ATAD Anti-Avoidance

ATAD Anti-Avoidance

The Anti-Tax Avoidance Directives (ATAD I and II) establish a common framework of anti-avoidance measures across the EU, addressing the most prevalent forms of aggressive tax planning that affect the functioning of the internal market.

ATAD I & II Overview

ATAD I (Directive 2016/1164) was adopted in July 2016 and required transposition by 1 January 2019 (with exit tax rules by 1 January 2020). It covers five core measures: interest limitation, exit taxation, a general anti-abuse rule (GAAR), CFC rules, and hybrid mismatch rules for intra-EU situations.

ATAD II (Directive 2017/952) extended the hybrid mismatch rules to cover mismatches involving third countries, reverse hybrid mismatches, and imported mismatches. Member States were required to transpose ATAD II by 1 January 2020 (reverse hybrids by 1 January 2022).

GAAR (Art. 6)

Article 6 introduces a General Anti-Abuse Rule that allows Member States to ignore arrangements or series of arrangements that are "non-genuine" — meaning they have been put in place for the main purpose or one of the main purposes of obtaining a tax advantage that defeats the object or purpose of the applicable tax provisions.

Main Purpose Test

An arrangement is caught if obtaining a tax advantage is one of the main purposes. This is a lower threshold than 'sole' or 'dominant' purpose tests found in some domestic laws.

Genuineness Test

An arrangement is non-genuine to the extent it is not put in place for valid commercial reasons reflecting economic reality. Structures with genuine economic substance typically survive scrutiny.

Exit Tax (Art. 5)

Exit taxation applies when a taxpayer transfers assets, tax residence, or a permanent establishment out of a Member State.

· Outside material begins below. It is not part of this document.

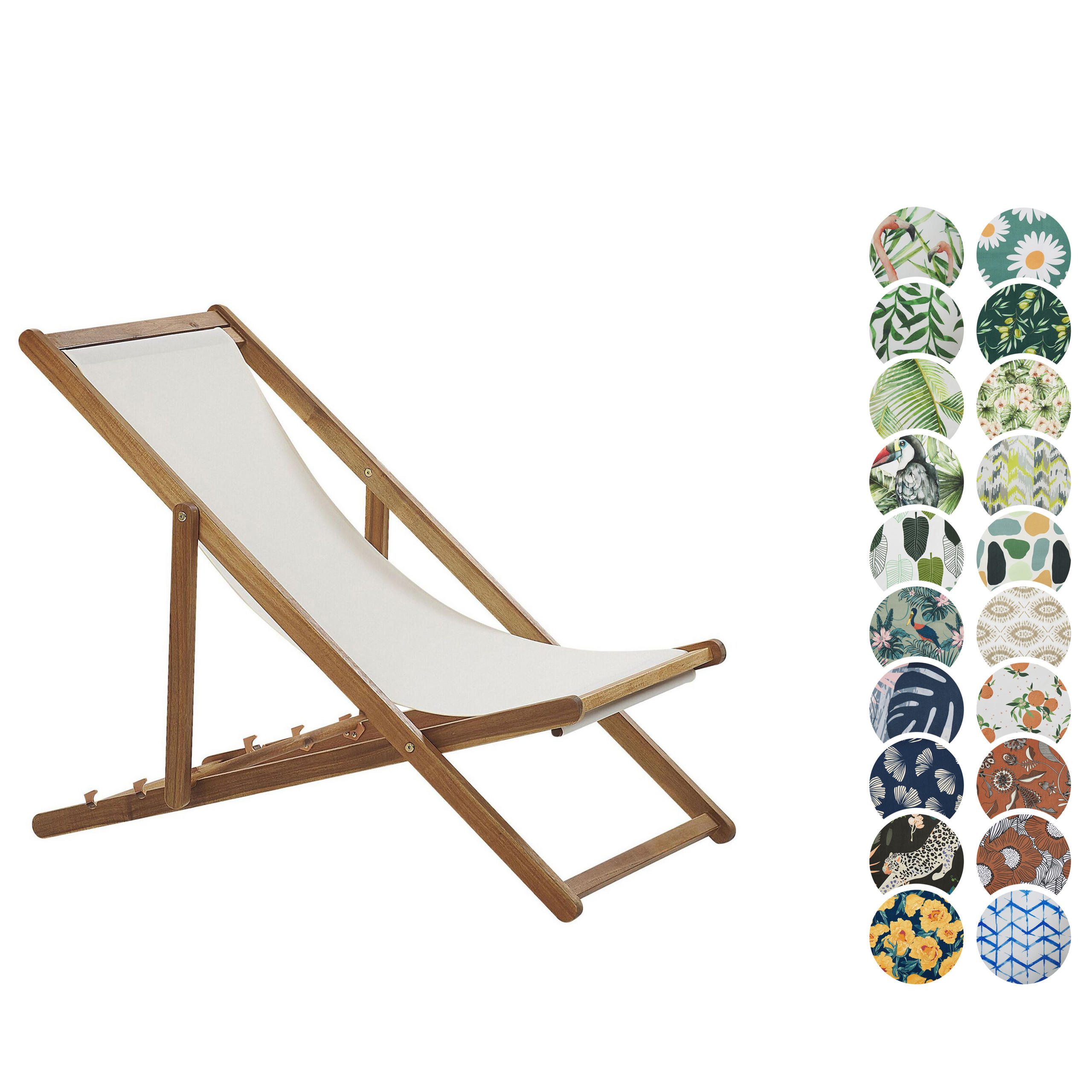 GARTENLIEGE mit 2 Ersatzstoffbezügen hellbraun/weiß Anzio - Hellbraun/Weiß, Textil (54/70/97cm) - Beliani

The departing state taxes unrealised capital gains that have accrued while the assets were within its taxing jurisdiction.

Asset Transfer

Transfer of assets from a head office to a PE in another jurisdiction, or from a PE to the head office or another PE abroad.

Residence Transfer

Migration of tax residence to another Member State or third country.

PE Transfer

Transfer of the business carried on by a PE to another jurisdiction.

For transfers within the EU/EEA, the taxpayer has the right to defer payment by instalments over five years. Third-country transfers may be subject to immediate payment.

Hybrid Mismatches (Art. 9/9a)

Hybrid mismatch rules neutralise tax advantages arising from differences in the characterisation of financial instruments, entities, or permanent establishments between two or more jurisdictions:

Deduction Without Inclusion (D/NI)

A payment is deductible in the payer jurisdiction but not included in taxable income in the payee jurisdiction. The primary response denies the deduction; the defensive response requires inclusion.

Double Deduction (DD)

The same payment is deductible in two jurisdictions simultaneously. The primary response denies the deduction in the investor state; the defensive response denies it in the payer state.

Imported Mismatches

A deductible payment funds (directly or indirectly) expenditure under a hybrid arrangement between entities in other jurisdictions, importing the mismatch effect.

Switch-Over Rule

Where a Member State grants a participation exemption or territorial exemption for foreign income, the switch-over rule allows the state to switch from exemption to the credit method when the income has been subject to a low effective tax rate in the source country. This prevents double non-taxation of foreign dividends, capital gains, or PE profits.

The switch-over rule is optional under ATAD — not all Member States have implemented it. Where applied, the threshold for "low tax" is typically linked to the domestic statutory rate.

Reverse Hybrids (ATAD II)

A reverse hybrid entity is one that is treated as transparent (fiscally ignored) in its jurisdiction of establishment but as opaque (a separate taxable entity) in the jurisdiction of its investor/parent. This mismatch can result in income falling through the cracks — not taxed in either jurisdiction.

Under ATAD II, where a reverse hybrid entity is established in a Member State and one or more associated non-resident investors are located in jurisdictions that regard the entity as opaque, the Member State of establishment must tax the income to the extent it is not otherwise taxed under the laws of any other jurisdiction.

Important

Hybrid mismatch rules apply regardless of intent — even commercially motivated structures may trigger adjustments.